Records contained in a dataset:
# # # # # # #

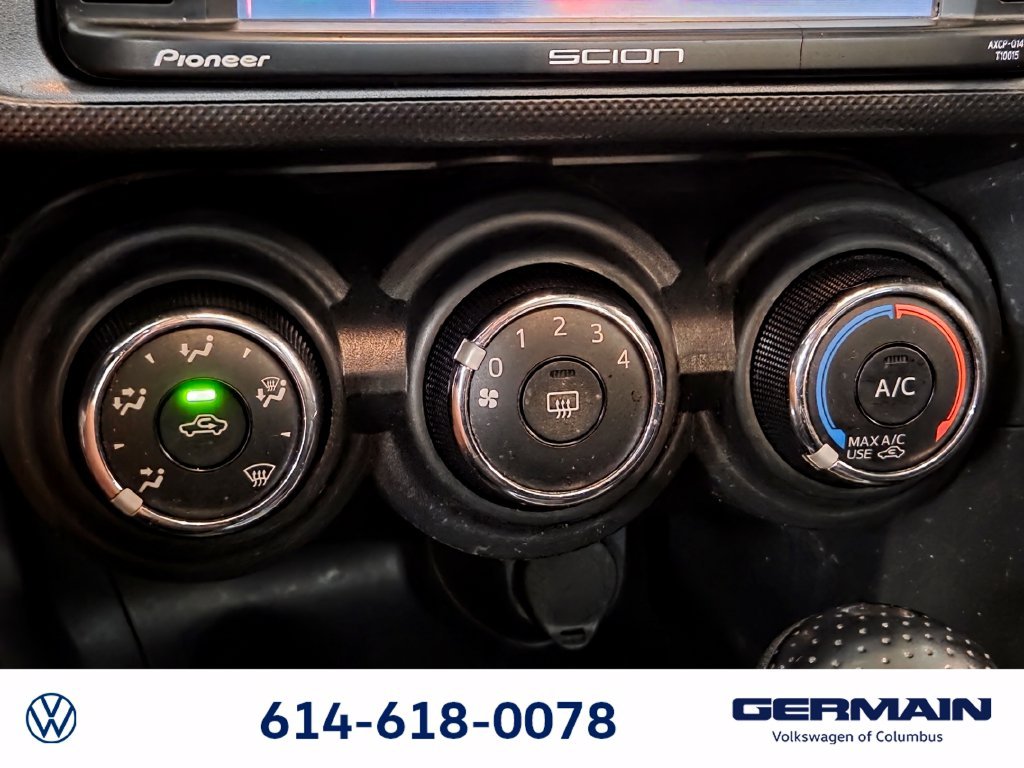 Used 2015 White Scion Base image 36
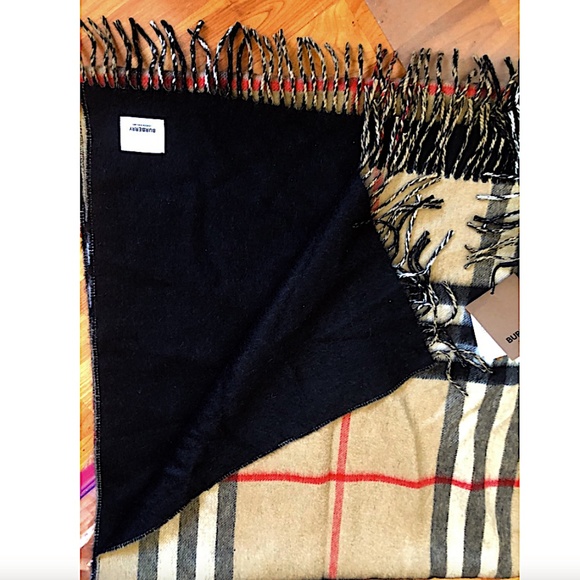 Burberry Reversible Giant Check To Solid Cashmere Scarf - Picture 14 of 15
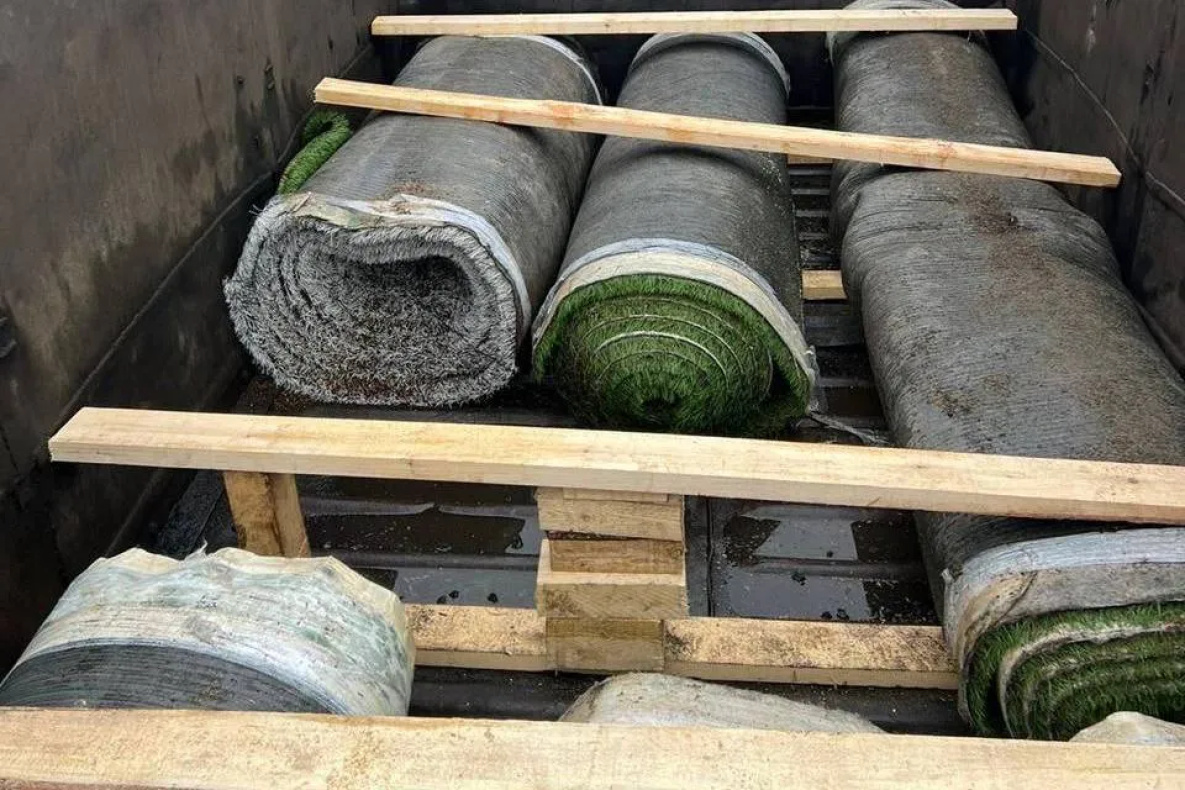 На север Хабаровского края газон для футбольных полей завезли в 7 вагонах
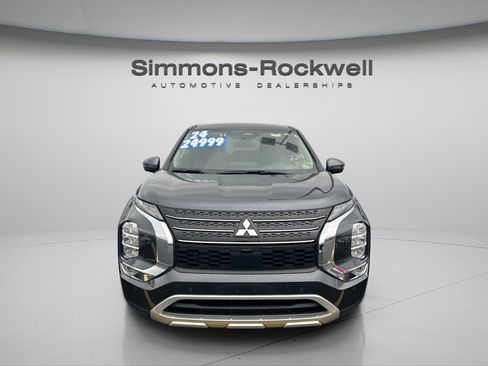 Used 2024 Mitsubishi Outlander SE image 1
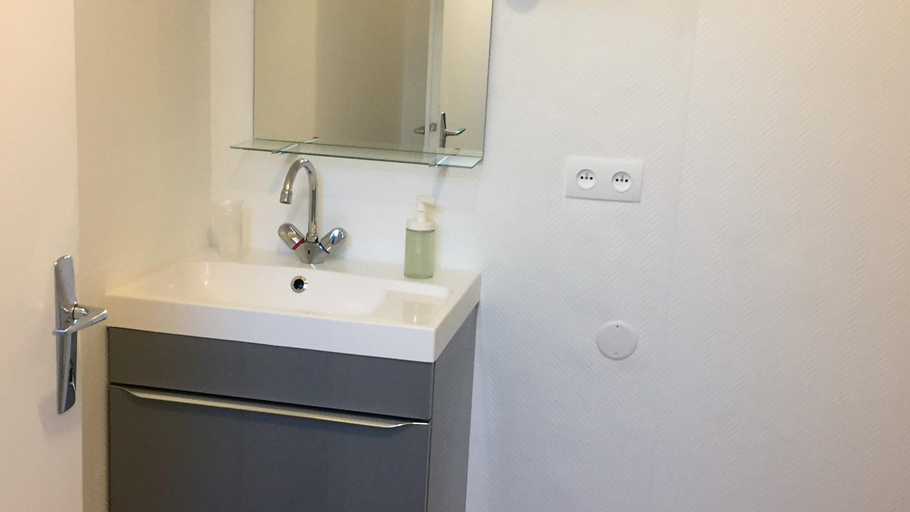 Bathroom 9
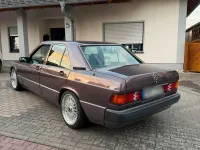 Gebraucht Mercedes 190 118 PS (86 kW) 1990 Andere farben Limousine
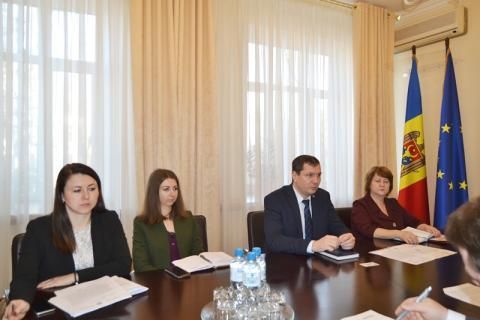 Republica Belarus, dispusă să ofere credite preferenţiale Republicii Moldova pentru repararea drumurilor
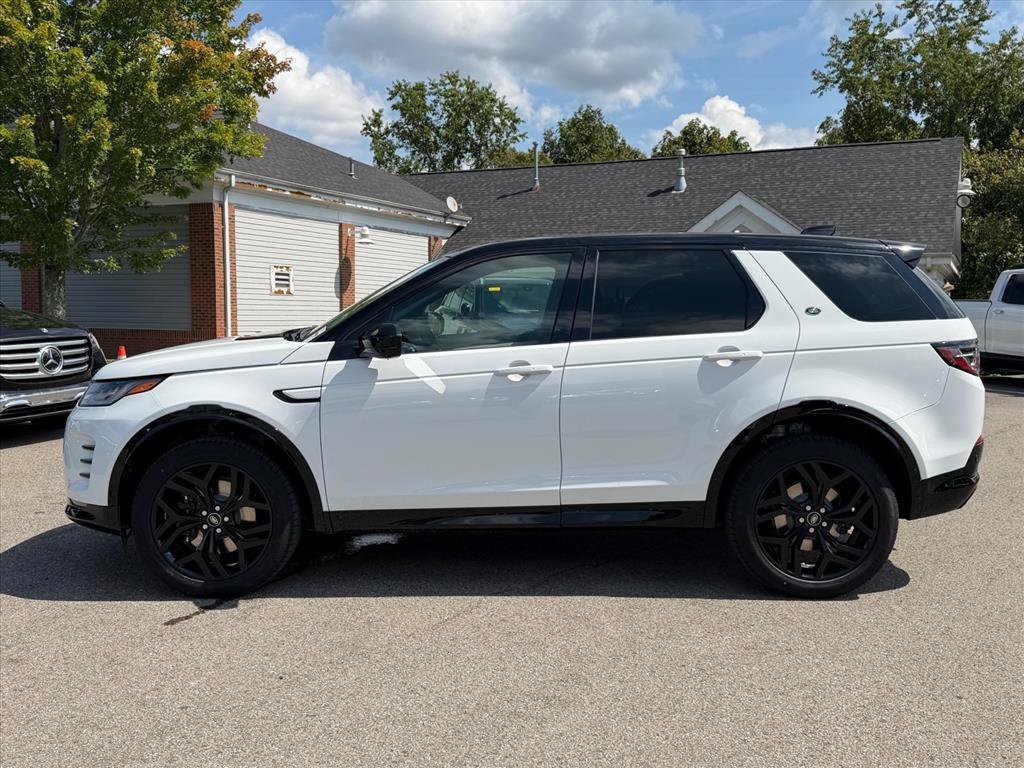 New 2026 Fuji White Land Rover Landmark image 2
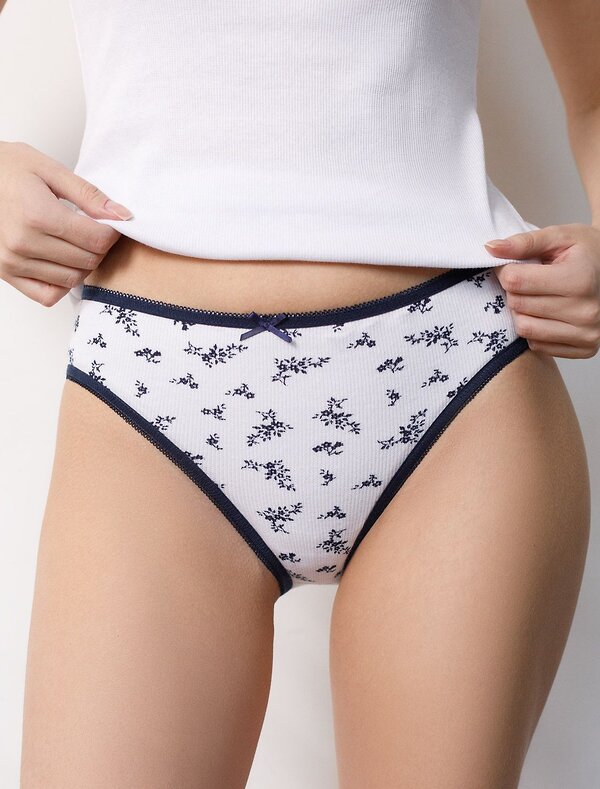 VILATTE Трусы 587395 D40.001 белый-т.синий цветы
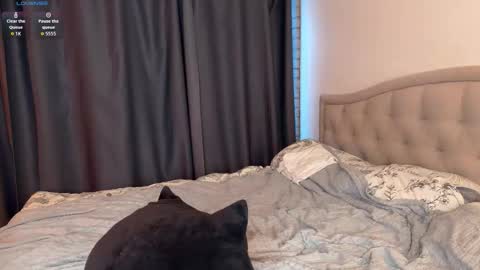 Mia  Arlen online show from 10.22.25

# # # # # # #

Problem: Leaving out any images, restate every record word for word.

Answer to this exercise:
 Used 2015 White Scion Base image 36
 Burberry Reversible Giant Check To Solid Cashmere Scarf - Picture 14 of 15
 На север Хабаровского края газон для футбольных полей завезли в 7 вагонах
 Used 2024 Mitsubishi Outlander SE image 1
 Bathroom 9
 Gebraucht Mercedes 190 118 PS (86 kW) 1990 Andere farben Limousine
 Republica Belarus, dispusă să ofere credite preferenţiale Republicii Moldova pentru repararea drumurilor
 New 2026 Fuji White Land Rover Landmark image 2
 VILATTE Трусы 587395 D40.001 белый-т.синий цветы
 Mia  Arlen online show from 10.22.25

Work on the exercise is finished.